- Work instructions -
Reproduce the section of the listing that begins at the line containing "4166-A ORIS Фаркоп" and finishes at the line containing "Suzeta din silicon". Include both end lines and nothing beyond them.

+++

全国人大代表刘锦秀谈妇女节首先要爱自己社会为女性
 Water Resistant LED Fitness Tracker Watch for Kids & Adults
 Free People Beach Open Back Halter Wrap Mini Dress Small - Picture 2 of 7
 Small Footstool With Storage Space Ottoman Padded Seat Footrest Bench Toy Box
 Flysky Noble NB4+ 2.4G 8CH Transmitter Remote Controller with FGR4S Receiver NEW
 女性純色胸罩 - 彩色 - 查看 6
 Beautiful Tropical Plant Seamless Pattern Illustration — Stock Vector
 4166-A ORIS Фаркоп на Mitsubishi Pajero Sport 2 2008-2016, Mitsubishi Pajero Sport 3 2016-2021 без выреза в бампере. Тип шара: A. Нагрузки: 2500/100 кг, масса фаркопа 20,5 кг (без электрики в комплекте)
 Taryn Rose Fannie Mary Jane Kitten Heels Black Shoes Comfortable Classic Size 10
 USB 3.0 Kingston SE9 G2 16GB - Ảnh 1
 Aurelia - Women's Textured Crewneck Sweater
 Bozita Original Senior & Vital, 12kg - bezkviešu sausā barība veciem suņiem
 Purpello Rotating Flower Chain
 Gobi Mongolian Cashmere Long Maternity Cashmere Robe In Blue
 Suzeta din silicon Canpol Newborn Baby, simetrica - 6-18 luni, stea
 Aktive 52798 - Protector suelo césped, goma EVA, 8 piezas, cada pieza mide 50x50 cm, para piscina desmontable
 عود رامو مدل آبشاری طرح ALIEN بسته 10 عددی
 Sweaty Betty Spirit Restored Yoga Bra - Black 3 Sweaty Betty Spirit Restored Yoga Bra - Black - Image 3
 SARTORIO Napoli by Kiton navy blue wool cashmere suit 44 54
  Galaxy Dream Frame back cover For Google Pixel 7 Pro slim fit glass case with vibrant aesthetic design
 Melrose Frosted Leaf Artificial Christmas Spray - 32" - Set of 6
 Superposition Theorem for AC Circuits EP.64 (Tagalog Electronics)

+++

- Answer section -
 4166-A ORIS Фаркоп на Mitsubishi Pajero Sport 2 2008-2016, Mitsubishi Pajero Sport 3 2016-2021 без выреза в бампере. Тип шара: A. Нагрузки: 2500/100 кг, масса фаркопа 20,5 кг (без электрики в комплекте)
 Taryn Rose Fannie Mary Jane Kitten Heels Black Shoes Comfortable Classic Size 10
 USB 3.0 Kingston SE9 G2 16GB - Ảnh 1
 Aurelia - Women's Textured Crewneck Sweater
 Bozita Original Senior & Vital, 12kg - bezkviešu sausā barība veciem suņiem
 Purpello Rotating Flower Chain
 Gobi Mongolian Cashmere Long Maternity Cashmere Robe In Blue
 Suzeta din silicon Canpol Newborn Baby, simetrica - 6-18 luni, stea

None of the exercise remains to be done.